La situation sécuritaire : passage à la vitesse supérieure ?
Alors que l’Armée et la Garde nationale crapahutent dans les djebels ou arpentent les rues des villes et villages, procédant à des fouilles à la recherche des complices des égorgeurs de Sidi Ali Ben Aoun — d’ailleurs plusieurs arrestations (une vingtaine) ont été opérées, le centre d’intérêt de la situation sécuritaire s’est déplacé ces jours derniers dans le Sahel, jusqu’ici “négligé” par la nébuleuse djihadiste.

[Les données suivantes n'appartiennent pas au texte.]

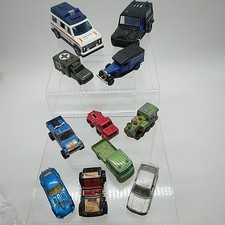 Bundle X11 Die-Cast Toy/Model Cars (Jaguar, Mercedes, Renault, Toyota, etc)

C’est là une preuve flagrante de la tactique des terroristes, afin d’élargir le champ de leurs opérations, qui vont sans doute être de plus en plus délocalisées et menacer l’ensemble du territoire de la République, obligeant ainsi les forces de sécurité intérieure, voire l’armée, à disperser leurs efforts et ainsi s’affaiblir, alors qu’elles sont déjà handicapées par un manque flagrant de matériel (véhicules, gilets pare-balles, etc.) qu’elles réclament.
À cet effet (de généralisation des actes criminels) un jeune fanatique, empêché par des vigiles d’entrer dans un hôtel du centre-ville de Sousse, s’est fait exploser sur la plage, au milieu des parasols, heureusement sans faire de victimes. À Monastir (à 20 km de la Perle du Sahel) c’est un autre jeune de 18 ans qui a été arrêté au moment où il tentait de pénétrer avec des explosifs dans le mausolée du Père de la Nation — à ce sujet, le journal on line Business news signale qu’il s’agit du fils d’une femme membre de la Ligue de Protection de la Révolution de Zaghouan, qui s’épanche sur les réseaux sociaux en accusant le gouvernement d’avoir laissé les djihadistes endoctriner son fils, ne serait-ce pas plutôt d’avoir vécu dans une ambiance de violence et qui aurait décervelé son fils ?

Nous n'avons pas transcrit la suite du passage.